Warren continued to question Esper until Committee Chairman James InhofeJames (Jim) Mountain InhofeThe Hill's Morning Report - Presented by Facebook - Major space launch today; Trump feuds with Twitter Justice Department closing stock investigations into Loeffler, Inhofe, Feinstein OVERNIGHT DEFENSE: Esper escalates war of words with Warren, Democratic senators | Senate panel plans to skip DHS, VA spending bills MORE (R-Okla.) ended the exchange.

“This is outrageous,” Warren replied.

 

 

Following the sparring, GOP committee members came to Esper's defense.

“I’m very disappointed that Sen. Warren would demonize you after your decades of service simply because you served in the private sector," said Sen. Rick Scott (R-Fla.). "I guess she just needed a moment for her presidential campaign.”

Inhofe told Esper that the exchange “was unfair and you handled it beautifully.”

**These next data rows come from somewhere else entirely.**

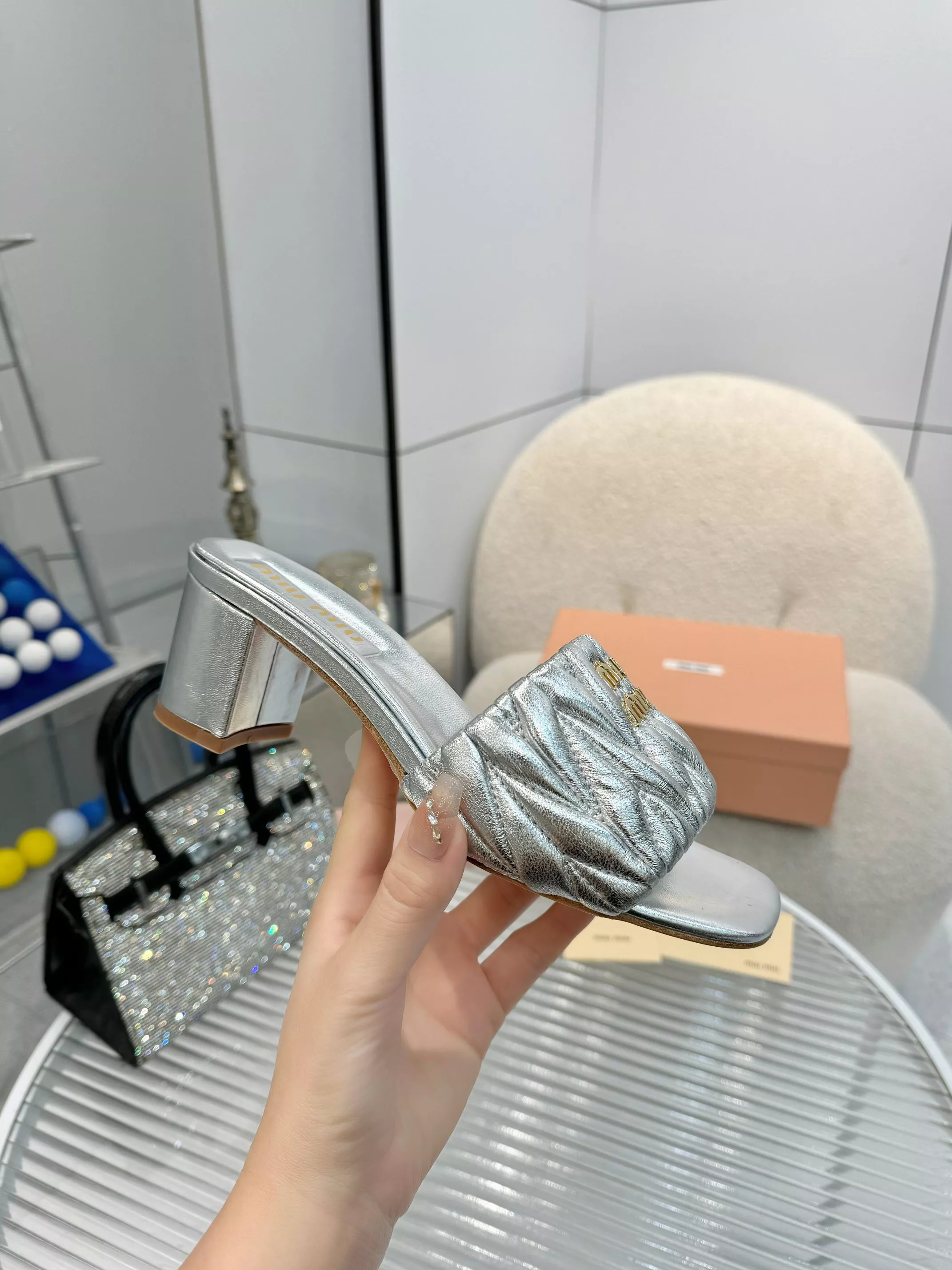 MIU MIU Slippers For Women Timeless 2189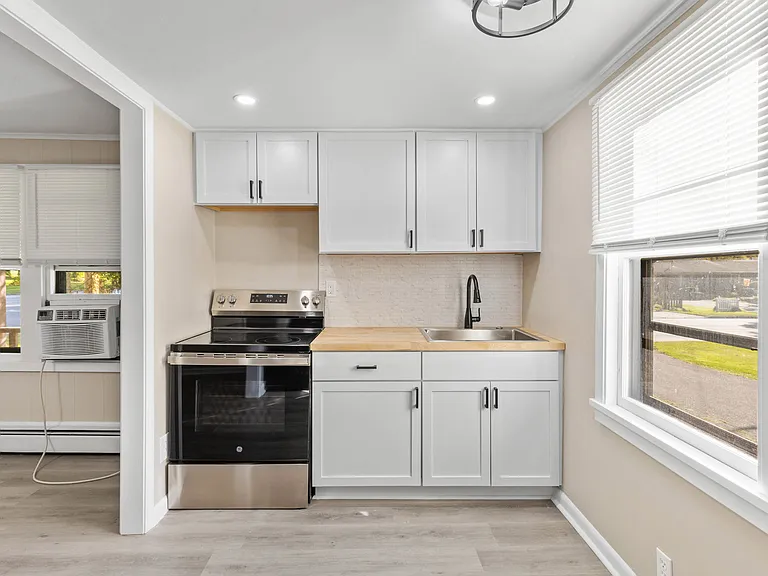 1181 Whitney Rd E #A — Photo 18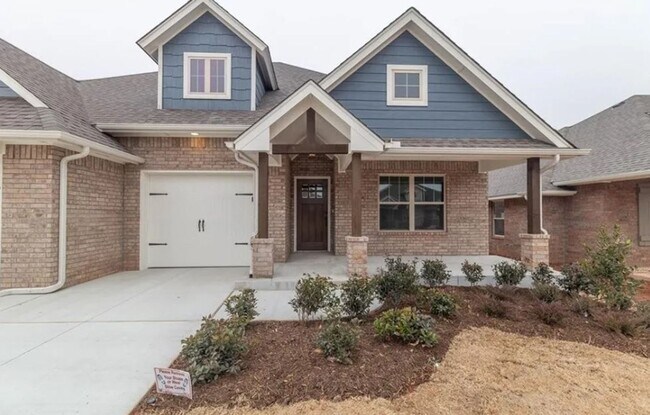 1017 NE 34th Ter in Moore, OK - Building Photo - Building Photo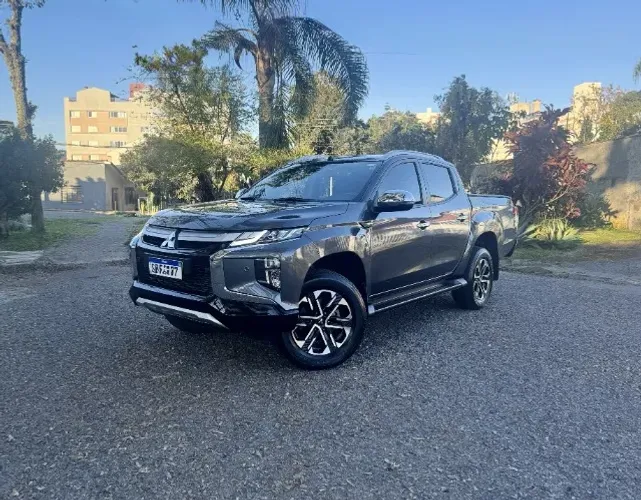 Mitsubishi L200 Triton Sport HPE-S 2.4 CD Dies. AUT 2024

The debate is unlikely to derail Esper’s nomination, as lawmakers are keen to see the role filled on a permanent basis. The post has been held by acting secretaries since the beginning of the year, after former Defense Secretary James MattisJames Norman MattisOvernight Defense: Pentagon watchdog sidelined by Trump resigns | Plan would reportedly bring troops in Afghanistan back by Election Day | Third service member dies from COVID-19 Trump wants troops in Afghanistan back stateside by Election Day: report 'Never Trump' Republicans: Fringe, or force to be reckoned with? MORE left at the end of December.